İngiltere eski Avrupa Bakanı Denise MacShane, İşçi Partisi'nin Ekrem İmamoğlu'nun tutuklanmasına sessiz kalmasını eleştirerek dikkatleri üzerine çekti. MacShane, bu sessizliğin Türkiye'deki demokratik geleceğe umut bağlayanları hayal kırıklığına uğrattığını belirtti. Peki, bu eleştirinin ardında yatan sebepler neler? İşte detaylar...
İmamoğlu'nun Tutuklanması ve Avrupa'daki Yankıları
Ekrem İmamoğlu'nun tutuklanması Avrupa genelinde geniş yankı uyandırdı. Birçok Avrupalı lider ve kurum, bu duruma tepki göstererek İmamoğlu'na destek mesajları yayınladı. Ancak, İngiltere İşçi Partisi'nin bu konuda sessiz kalması, bazı kesimler tarafından eleştirildi. MacShane, bu sessizliğin kabul edilemez olduğunu ve İşçi Partisi'nin demokratik değerlere sahip çıkması gerektiğini vurguladı.
MacShane, yazısında şu ifadelere yer verdi: “En eski uluslararası dayanışma eylemlerimden biri 45 yıl önce, 1980 askeri darbesinden kısa bir süre sonra Türkiye'ye gelen üst düzey bir Avrupa sendika delegasyonuna katıldığımda gerçekleşti... Neredeyse yarım yüzyıl sonra Türkiye, bir kez daha uluslararası gündemde, bu kez, İstanbul Büyükşehir Belediye Başkanı ve Türkiye'nin en popüler siyasi figürü Ekrem İmamoğlu'nun hapsedilmesi nedeniyle.”
- Avrupa Komisyonu, Avrupa Parlamentosu Üyeleri ve kıta genelindeki ulusal parlamenterler baskıları kınadı ve serbest bırakılmasını talep etti.
- Avrupa Sosyalistler Partisi, eski İsveç Başbakanı Stefan Löfven başkanlığında, Türkiye'ye bir dayanışma heyeti gönderdi.
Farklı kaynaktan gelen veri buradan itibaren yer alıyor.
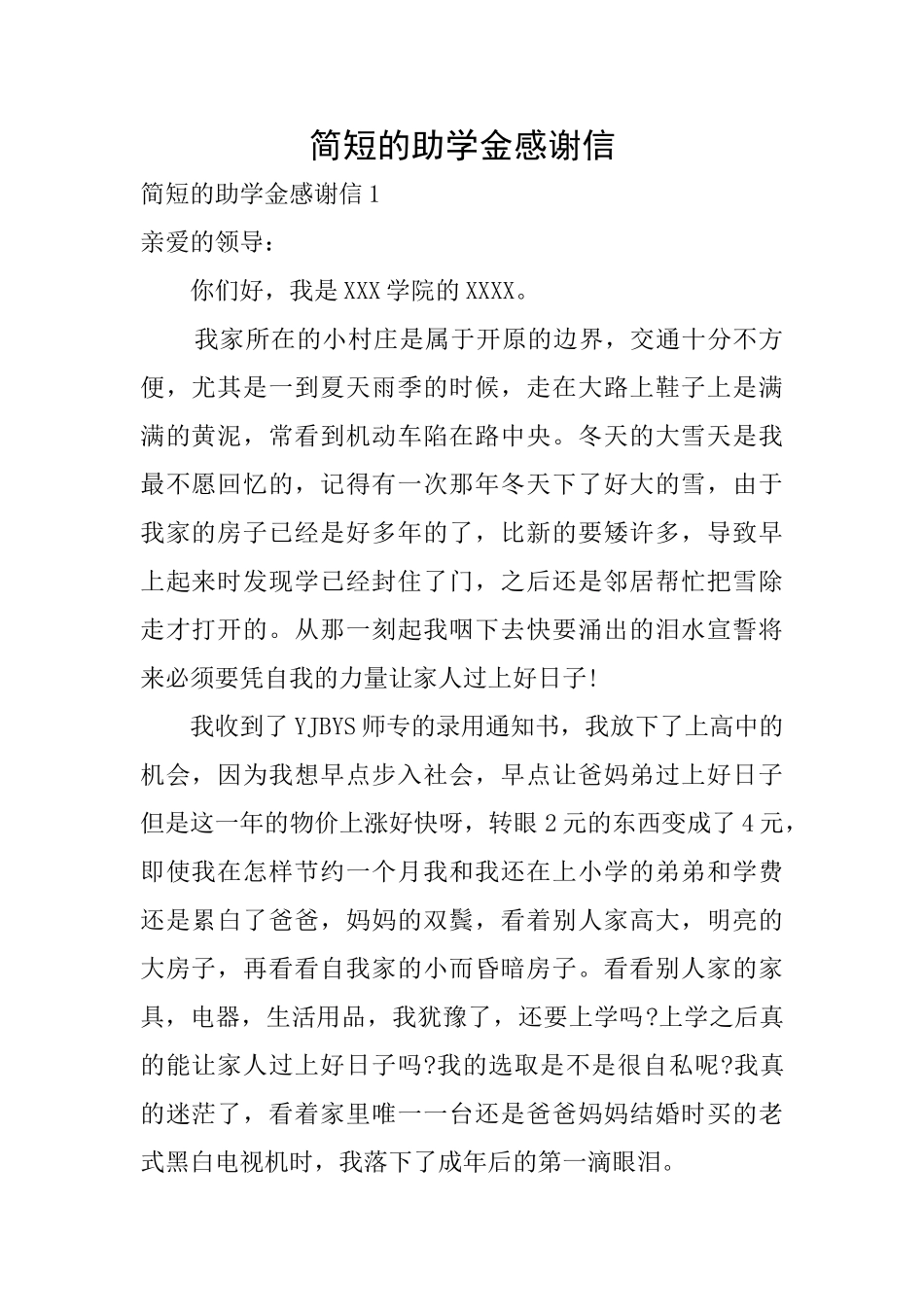 简短的助学金感谢信_第1页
- Eski Yunanistan Başbakanı ve Sosyalist Enternasyonal Başkanı Yorgo Papandreu da İstanbul'da düzenlenen kitlesel dayanışma mitingine katıldı.
İşçi Partisi'nin Sessizliğine Eleştiriler
MacShane, İşçi Partisi'nin sessizliğine dikkat çekerek, bu durumun Türkiye'deki demokratik güçlere zarar verdiğini savundu. CHP Genel Başkanı Özgür Özel'in BBC'ye verdiği röportajı hatırlatan MacShane, Özel'in İşçi Partisi'nden beklediği dayanışmayı göremediğini ifade ettiğini belirtti. Özel, röportajında "Sir Keir Starmer'ın sesini duymak istiyorum. Parlamenter demokrasinin anavatanı İngiltere nerede? Kardeş partimiz İşçi Partisi nerede?" şeklinde konuşmuştu.
MacShane, makalesine şöyle devam etti: “Ne Başbakan Starmer ne de insan hakları ve demokrasi konusundaki ilkeli tutumuyla tanınan Dışişleri Bakanı David Lammy kamuoyuna bir açıklama yaptı... Özel, İşçi Partisi'nin ‘küçük harflerle konuştuğundan’ yakınırken, ‘Bu kadar sessiz olunamaz’ dedi.”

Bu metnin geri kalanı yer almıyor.